Creator Database [Tim Ferriss] How to Speed Read
Tim Ferriss 00:00:01 - 00:00:54
Greetings, folks. Tim Ferriss here, author of four hour workweek, tools of titans, etcetera. I think a lot about ingesting information and sounds so sexy, doesn't it? How do you speed up the consumption of, say, text if you want to read faster? How do you do that without succumbing to some pseudoscience nonsense about speed reading? There's a lot of garbage out there. But how can you improve your, your ability to absorb written information without sacrificing comprehension? There are some very straightforward ways to do it. I'm going to show you that right now, and I will use these two books to demonstrate. So these are fiction and nonfiction, respectively. How to get filthy rich in Rising Asia, one of my favorite recent fiction books, which I generally don't try to read super quickly, but these books are the same size. So I'll show you then.
Tim Ferriss 00:00:54 - 00:01:37
Vagabonding, which is one of my faves, has been since 2004. All right, so let's take, just for the sake of simplicity, and I would recommend you do the same, a book that has fairly standardized formatting. In other words, there aren't a lot of bullet lists, there aren't a lot of graphs. It's mostly text. And since we can only manage what we can measure, step number one is figuring out roughly how many words per page are on this particular, say, spread. Right? And then throughout the book. So you're going to go through and you're going to count, say, on a page like this, the number of words in ten lines. Okay? So you come up with total, divide it by ten.
Tim Ferriss 00:01:37 - 00:01:56
That's your average number of words per line. And then you can see here most books have a consistent number of lines per page. You multiply that, let's just say it's 30. Okay? You have an average of ten words per line. That's 300 words per page. Great. Easy enough. Alright.
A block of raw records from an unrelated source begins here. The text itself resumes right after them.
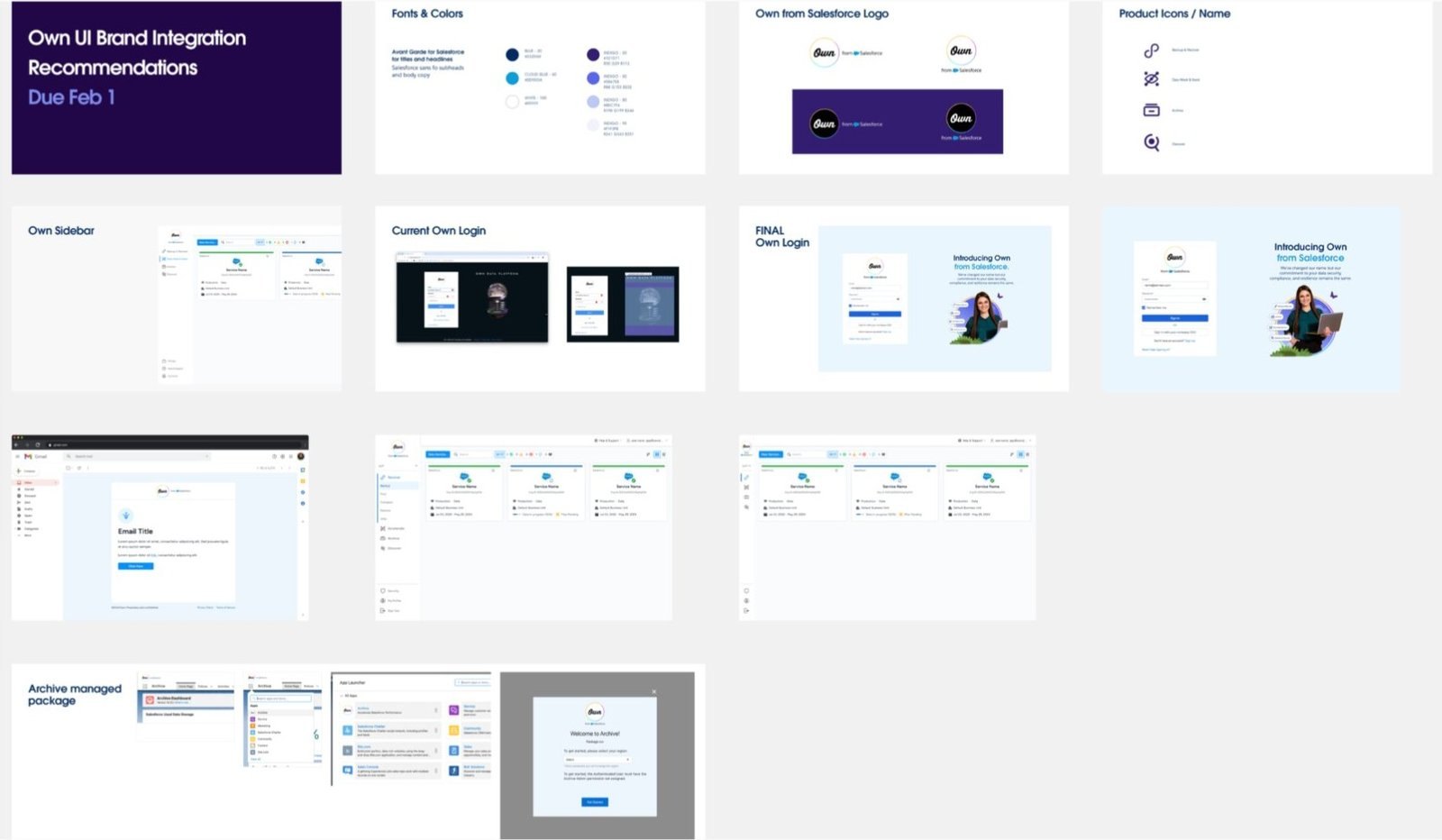 Grid of Own UI brand integration recommendation slides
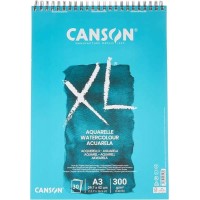 Canson XL Aquarelle Album Espiral Microperforado de 30 Hojas A3 - Grano Fino - 29.7x42cm - 300g - Color Blanco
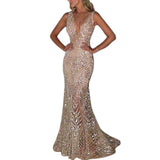 Womens Sequins Deep V Formal Long Length Sleeveless Maxi Dress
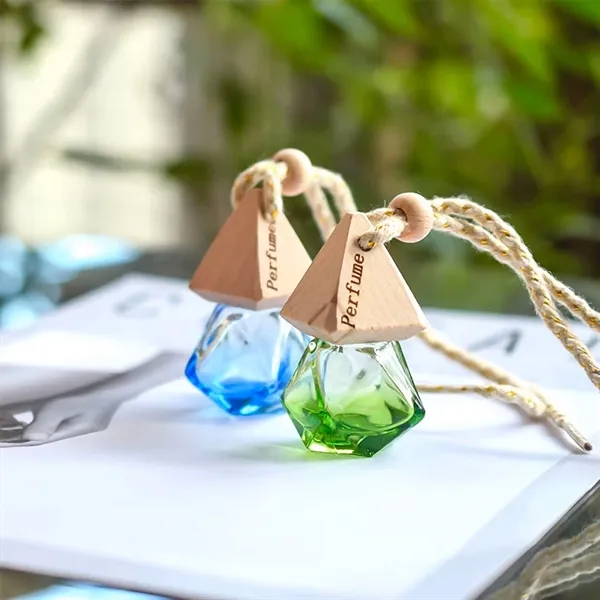 Wooden Triangular Gem-Shaped Lid with a Glass Perfume bottle - Wooden Triangular Gem-Shaped Lid with a Glass Perfume bottle - Image 2 of 10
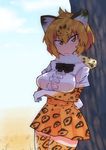 animal_ears blonde_hair bow bowtie commentary_request elbow_gloves fur_collar gloves highres jaguar_(kemono_friends) jaguar_ears jaguar_print kemono_friends leaning_on_object multicolored multicolored_clothes multicolored_hair multicolored_legwear nuka_cola06 partial_commentary shirt short_hair short_sleeves skirt solo thighhighs 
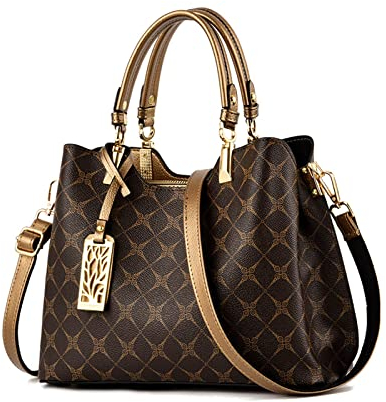 NICOLE & DORIS Frauen Handtasche Elegante Taschen für Damen Modern Tote Bag Mittelgroß Umhängetasche PU Leder Shopper Schultertasche mit Anhänger Bronze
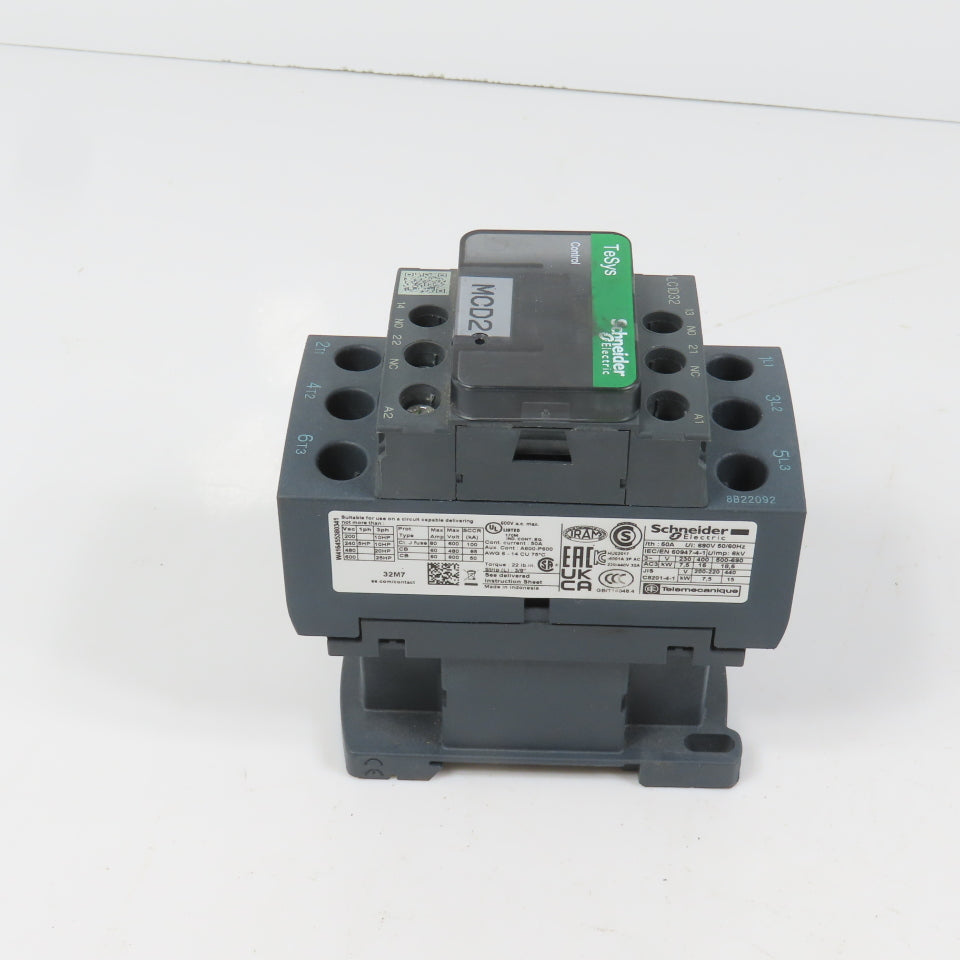 Schneider LC1D32M7 600VAC Contactor 25HP 220V Coil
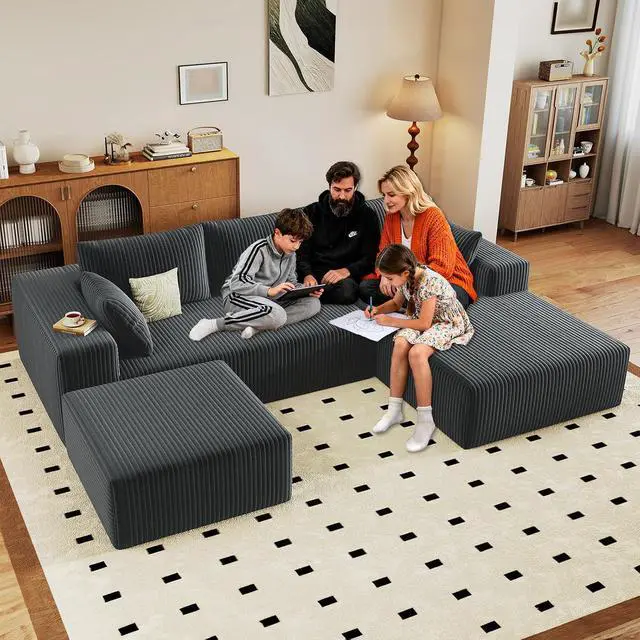 Alt view image 3 of 7 - 96" W Cloud Sectional Couch with Ottoman,Modern U-Shaped Cloud Couch with Deep Seat,Comfy Corduroy 3-Seater Sofa,Memory Foam Sofa for Living Room,No Assembly (Dark Grey,Right-Facing Chaise)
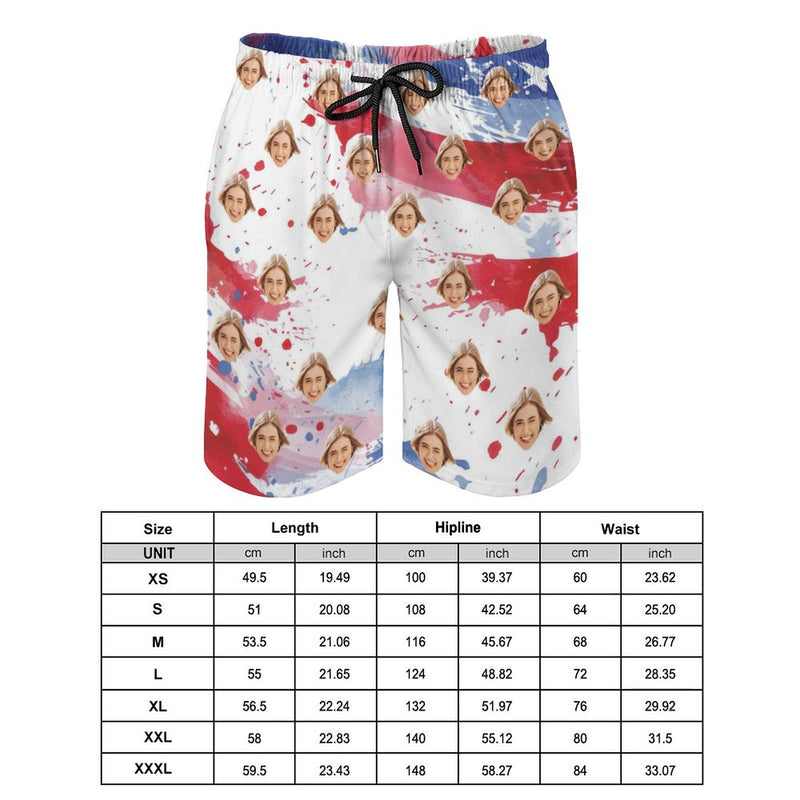 Custom Flag Design Face One Piece Swimsuit&Swim Shorts Personalized Couple Matching Swimwear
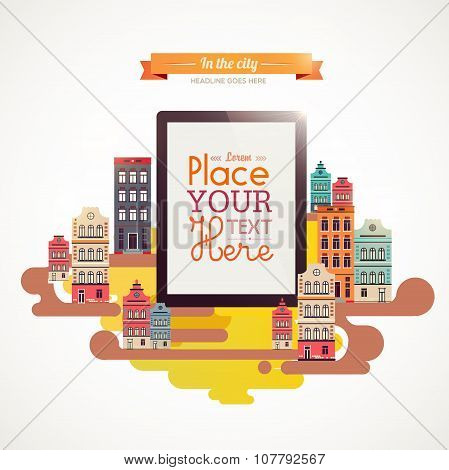 Vector illustration with tablet in town.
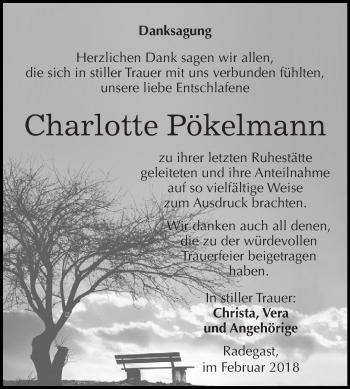 Traueranzeige von Charlotte Pökelmann von WVG - Wochenspiegel Dessau / Köthen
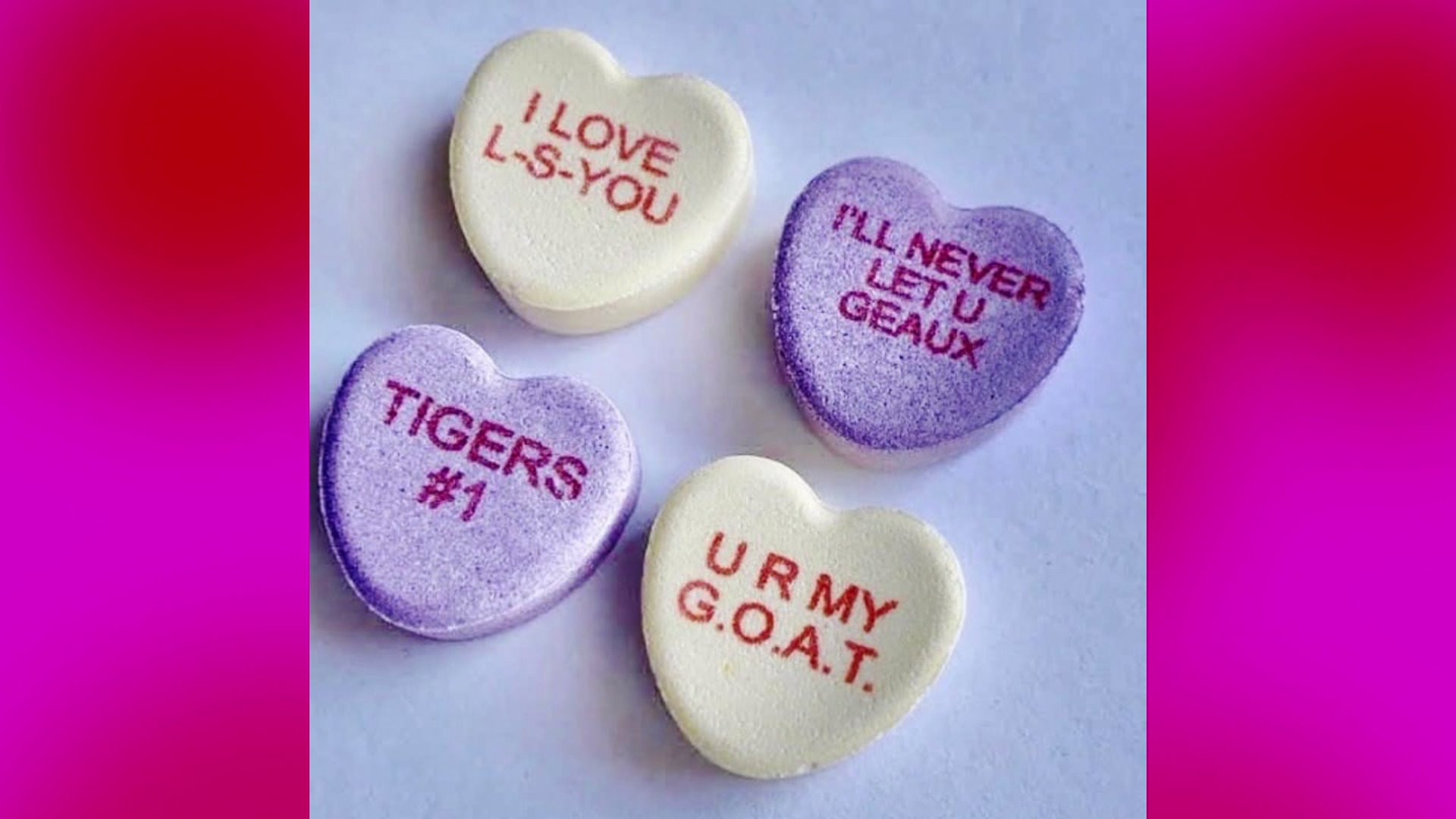 Valentines Day Candy Sayings
 NOLA Candy Hearts with sweet sayings for Valentine’s Day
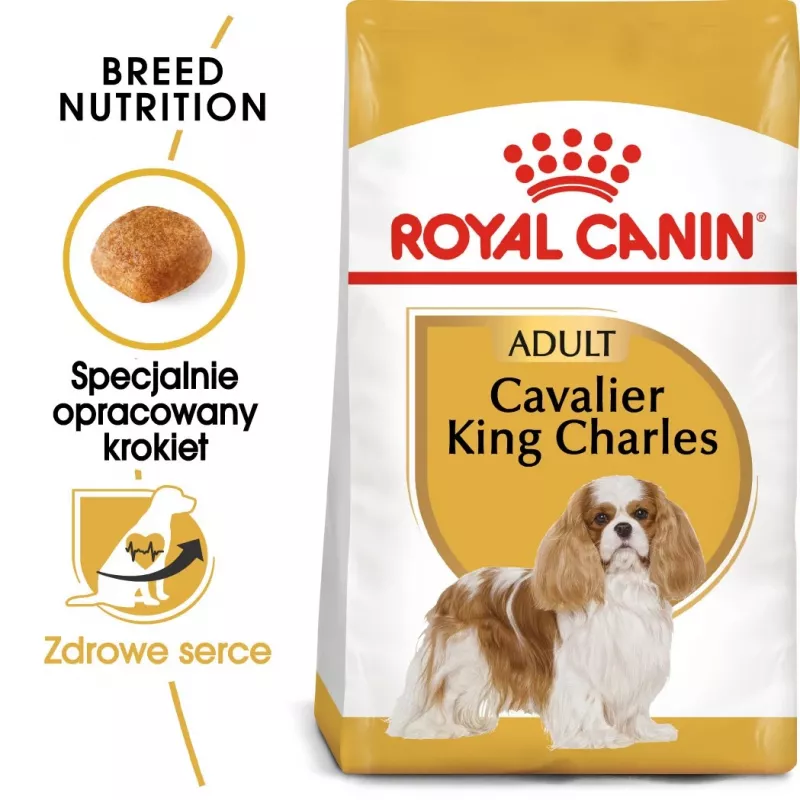 Comida seca para perros Royal Canin Cavalier King Charles Adult 1,5 kg — pollo, raza pequeña, piel y pelo, apoyo cardíaco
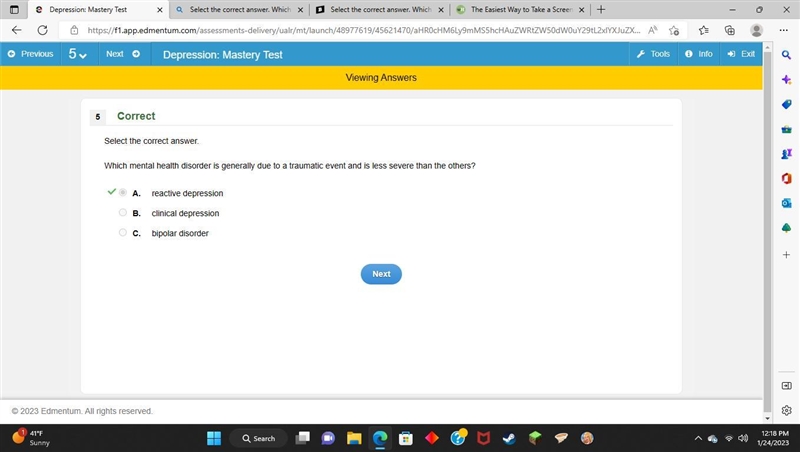 Select the correct answer. Which mental health disorder is generally due to a traumatic-example-1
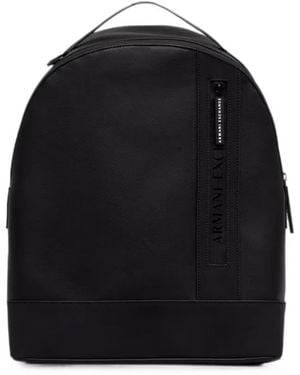 ARMANI EXCHANGE Zaino Con Zip E Logo Goffrato - Nero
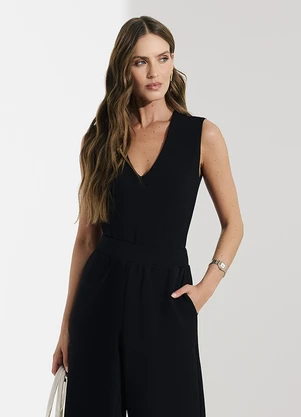 Veev - Body Feminino em Ribana Maxi com Decote V Preto - VEEV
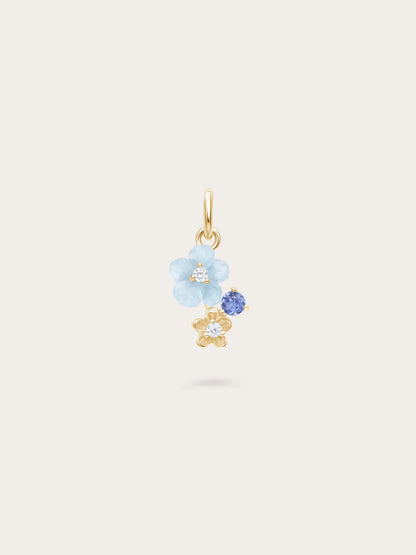 Dainty Blue Cluster Flower Charm – Aquamarine & Tanzanite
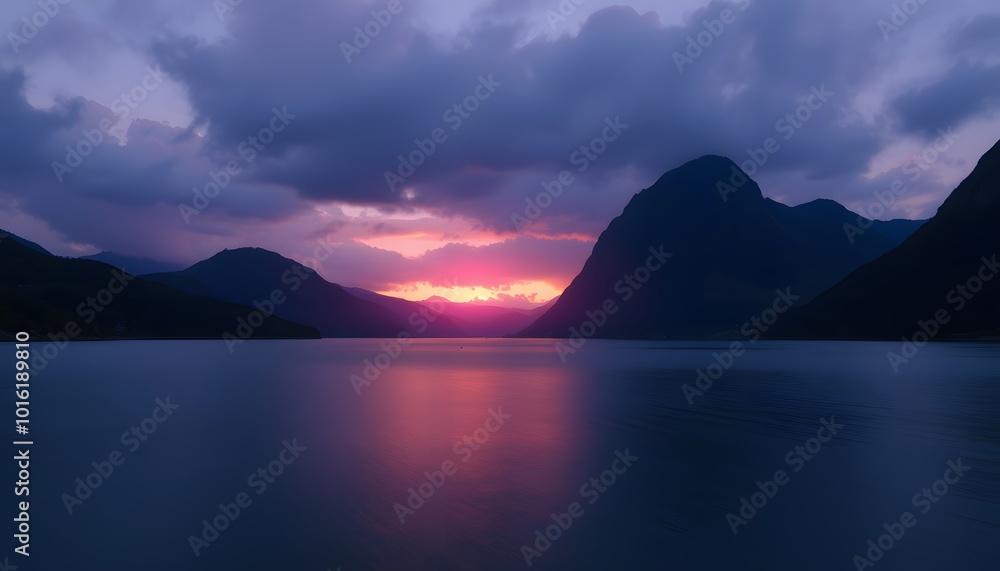 Serene Mountain Lake at Dusk with Vibrant Sunset Sky Serene Mountain Lake at Dusk with Vibrant Sunset Sky
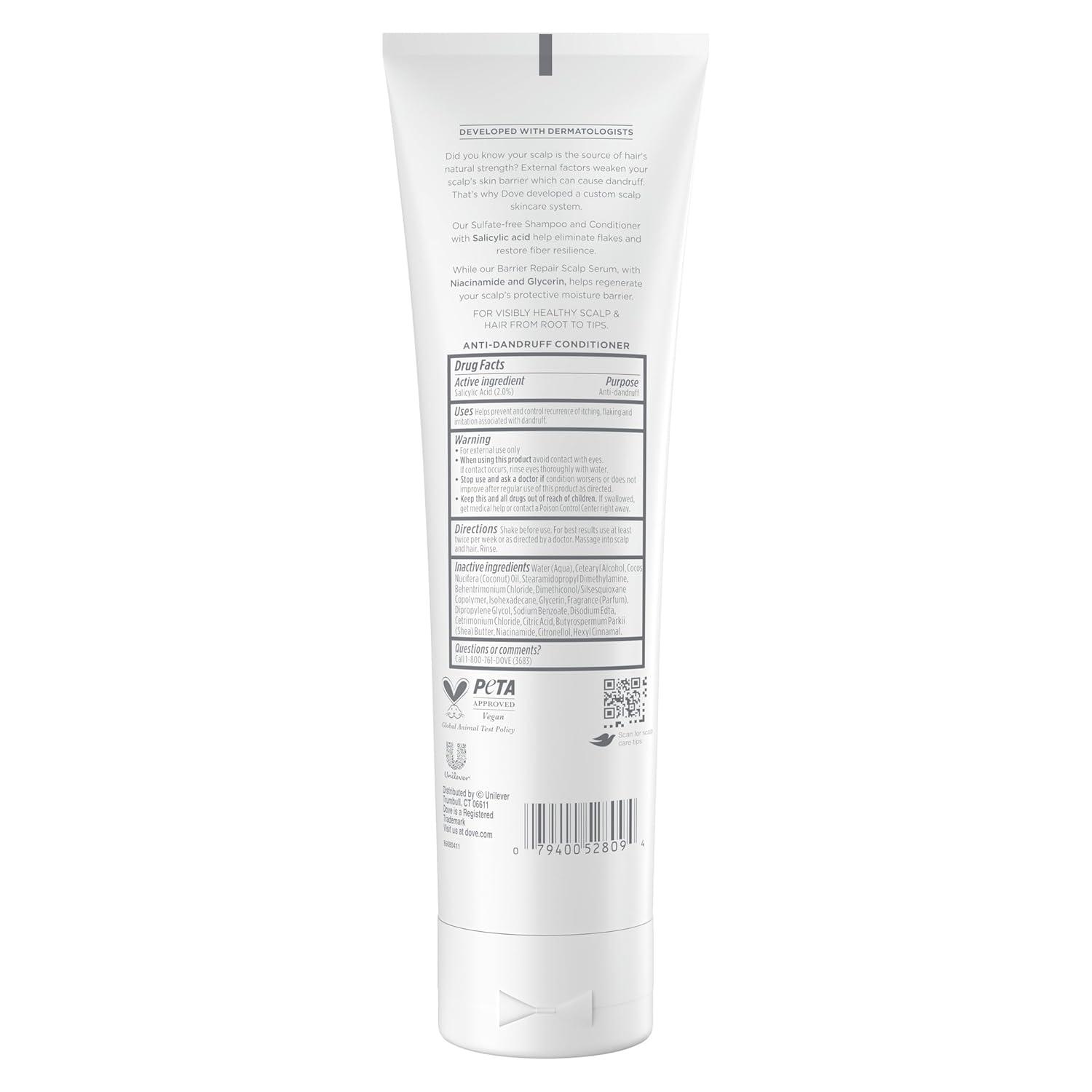 imageDove Derma Scalp Dandruff Relief Conditioner 1 ct with Salicylic Acid Lamellar Serum and Niacinamide for Removing Flakes amp Boosting Hair Resilience 9 fl oz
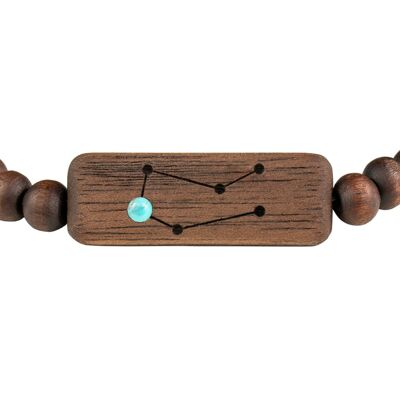 Wooden Zodiac Bracelet - Gemini - Turquise Stone - S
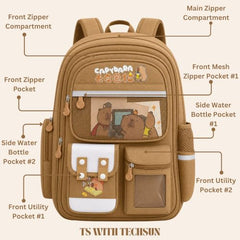 TS WITH TECHSUN College Laptop Backpack for Women & Teens with Zipper Pouch | School Bag for Girls 13-14 Years | 18 Inch Book Backpack | Travel School Bag, Tuition, Coaching (CAPYBARA - BROWN)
Tim Ferriss 00:01:56 - 00:02:38
What we want to do next is establish your baseline. So you're going to read for 1 minute. You're going to be focusing on reading at your normal speed. Of course, now you have an experimental or observer effect, so it might be slightly off, but that's all right. You're going to read for 1 minute, and then you're going to do the math, multiply it out and figure out how many words, roughly have I read? That is, your words per minute, rate your wpm, and what we do should help double or triple that without too much trouble. All right, now I'll do a demo before we go into how to mess with your book. If you look at say my nose. All right.
Tim Ferriss 00:02:38 - 00:03:17
In this video, can you still see my finger? Of course you can. Can you still see my finger over here? Yes, you can. That is your peripheral vision, even if your fixation point, if your primary point of focus is right here. When we read, most of us, when we are taught to read, we read word by word. So we go from the furthermost left word to the furthermost right word, and so on. Seems logical. The problem with that is, is you're not using any of this space or the margins. And the way that you then remedy that is by drawing lines on some pages.
Tim Ferriss 00:03:18 - 00:04:40
And I would suggest you indent one word from either side. Okay? And so what that might look like is something like this. So now you have lines going down either side of the page, and instead of starting all the way to the left, you're going to start at this line, and then you're going to end at that line. So much like a, say, typewriter with a return carriage going down, you're now going to be zigzagging, just as you would normally. But the parameters or the boundaries have been moved in by a word, you will not have any trouble reading, and you should still have full comprehension. And if you do this for, say, five to ten pages, then if you're not having any trouble whatsoever, you can indent by another word, and you can either use lines or you can spitball it, you can estimate it. And by doing this alone, just that, you can train yourself to get to the point where effectively, you are very much focusing on the middle third of the page, and you're just dotting down the page left to right. And that, in and of itself, could easily double your reading speed without sacrificing comprehension.